How do you imagine we will lose flying without codeshares I’m speaking about? We don’t currently have those codeshares. The codeshares we have are on routes/equipment we don’t/can’t feasibly fly. BOS-ACK? Don’t care about that piston flying. Intl connections we can’t fly ourselves? Don’t care, until we have the capability to fly it ourselves. FLL-JAX I believe is what N8 used as a silver example...but I can’t seem to find any FLL-JAX direct flights on silver, so I dunno if that’s via a 2 leg silver flight. Regardless, if silver connects our pax elsewhere that we don’t fly...that’s fine.

What I do care about is codeshares we don’t have yet, eg Alaska. Alaska connecting all our pax to intra-cali and other west coast flying we just can’t seem to get right. The good part about it is it could add more pax to our network. The bad part: that limits our need to grow in there on our own.
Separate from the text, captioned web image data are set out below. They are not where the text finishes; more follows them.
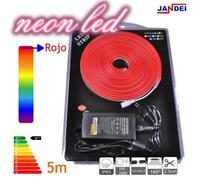 Jandei - Kit Neon Led Flexible 5m, Decorativo 12VDC 6 x 12mm, Corte 2,5cm, 112 Led/m SMD2835, Incluye Transformador y 1m Cable (Rojo)
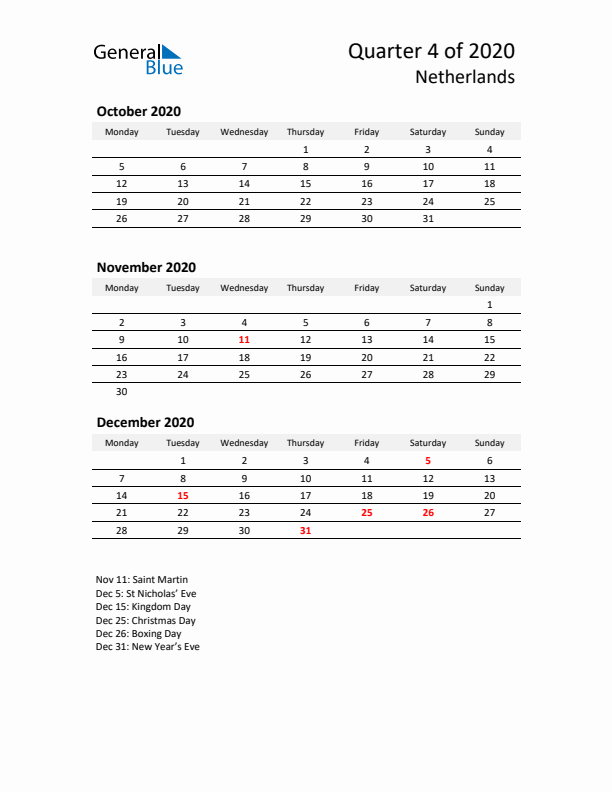 2020 Q4 Three-Month Calendar for The Netherlands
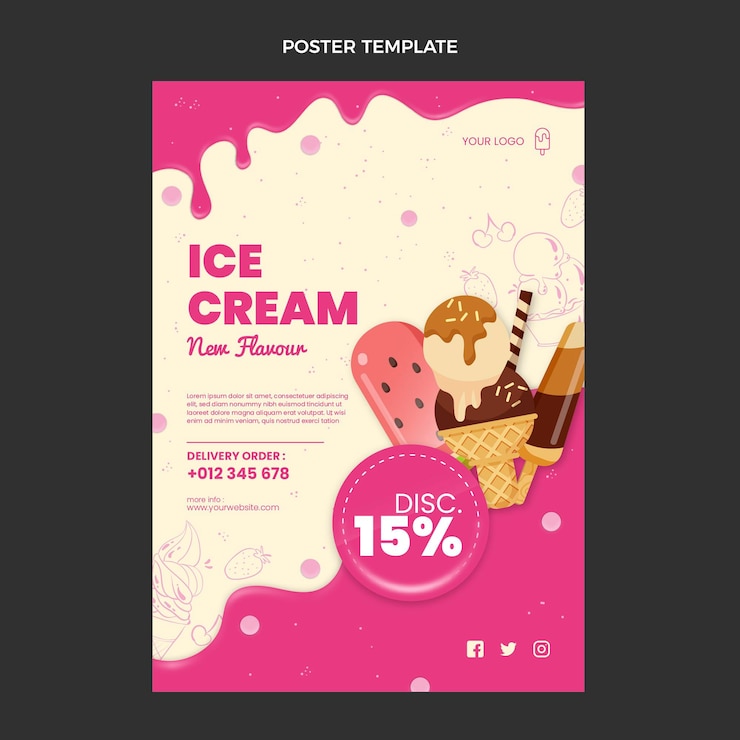 Free Vector realistic food poster template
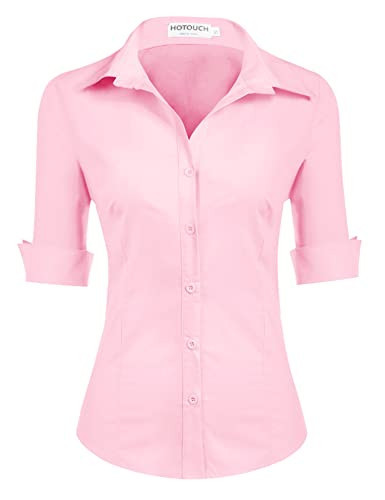 HOTOUCH Womens Fitted Button Down Shirts Pink Button Up Shirt 3/4 Sleeve Dress Shirt Blouse (Misty Rose XS) | Amazon (US)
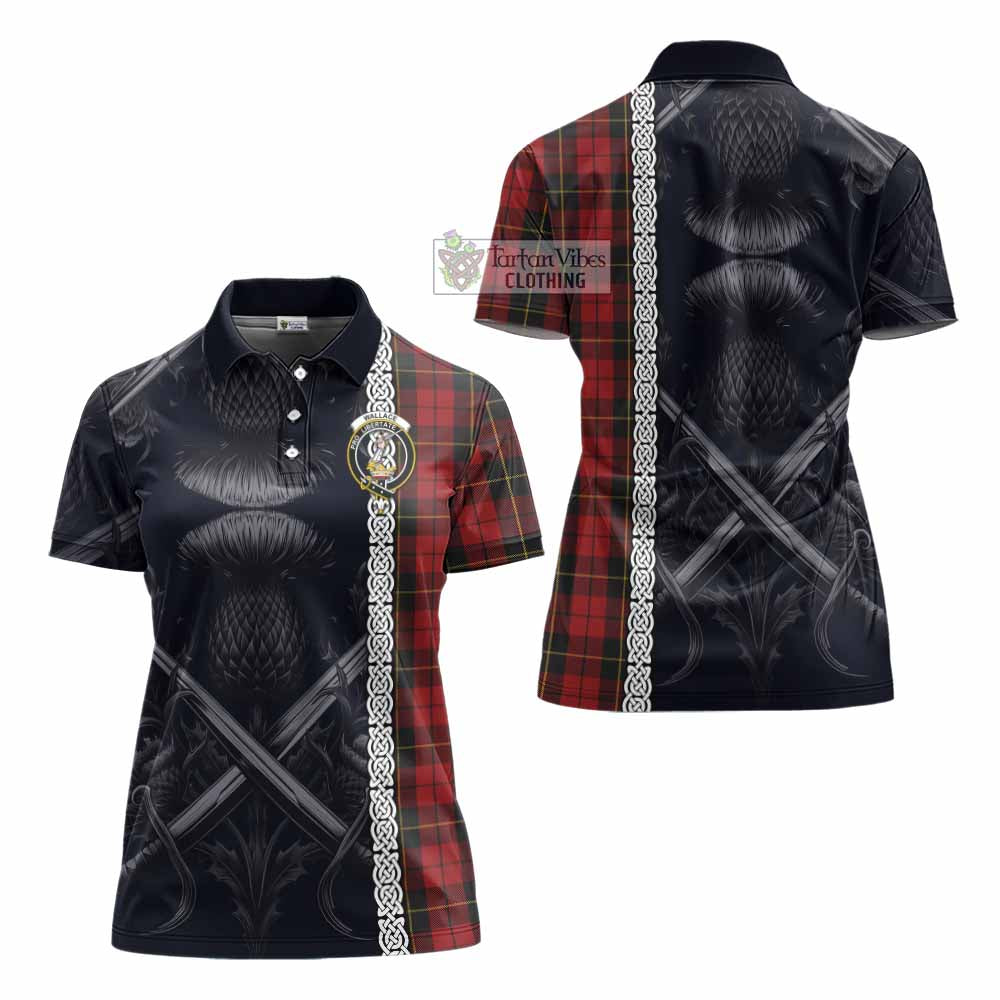Tartan Vibes Clothing Wallace Tartan Women's Polo Shirt with Family Crest Cross Sword Thistle Celtic Vibes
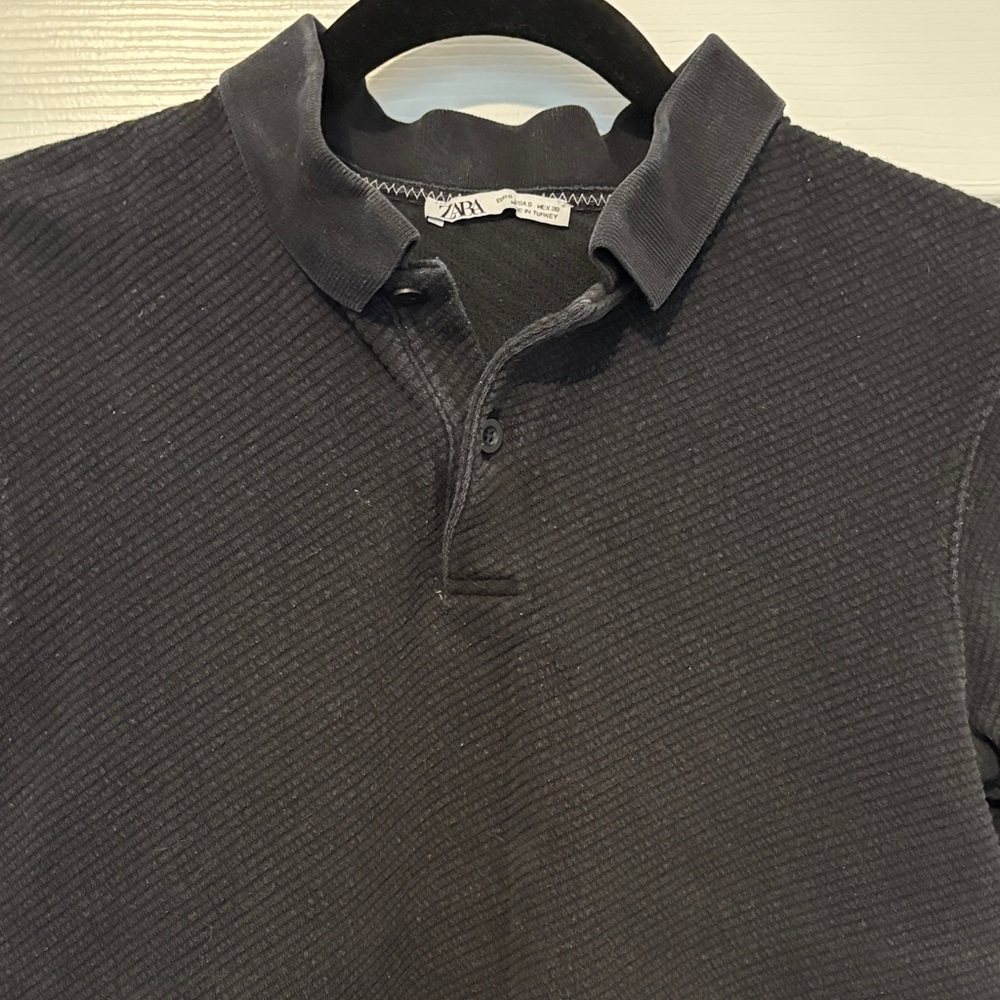 Zara Black Textured Polo Shirt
My whole point is codeshares are fine for places we can’t fly ourselves. But for places we can fly ourselves, we should do it ourselves. And we should put limits on existing codeshares for places which we become capable of flying (HNL, or wherever). But this TA leaves domestic codeshares wide open. I just see ALK/Moxy codeshares growing faster than our own organic growth under those agreements. If we had solid growth I wouldn’t be as concerned. But clearly our west coast strategy is failing, our block hour growth is anemic, and the provisions and protections in codesharing are pretty slim.

If the company “wouldn’t codeshare out that much flying” as you state, why wouldn’t they let us limit it in the TA or allow more strict codeshare controls? Clearly they want it for a reason. If they didn’t want to expand our codeshares, they would have allowed us to codify what we have now and just codeshare on routes we can’t feasibly fly, domestically and internationally. And to your point about more specifics adding up to be thousands of pages long, this language I want could exist in the same space that exists now, with different wording.
Another great post.

Your first paragraph is the big explanation. This is how/why Delta-Alaska and AA-Alaska maintained large domestic codeshares for so many years in SEA.

The argument that JB won't domestic codeshare because it only makes pennies on the dollar is wrong, proven by history. Delta and Alaska are two of the highest margin airlines in the world, and only reduced their codeshare because AK refused to end it's codeshare with AA.

I have to ask you guys, did Alaska and Delta not want the "whole dollar"?

You are not seeing all the moving parts.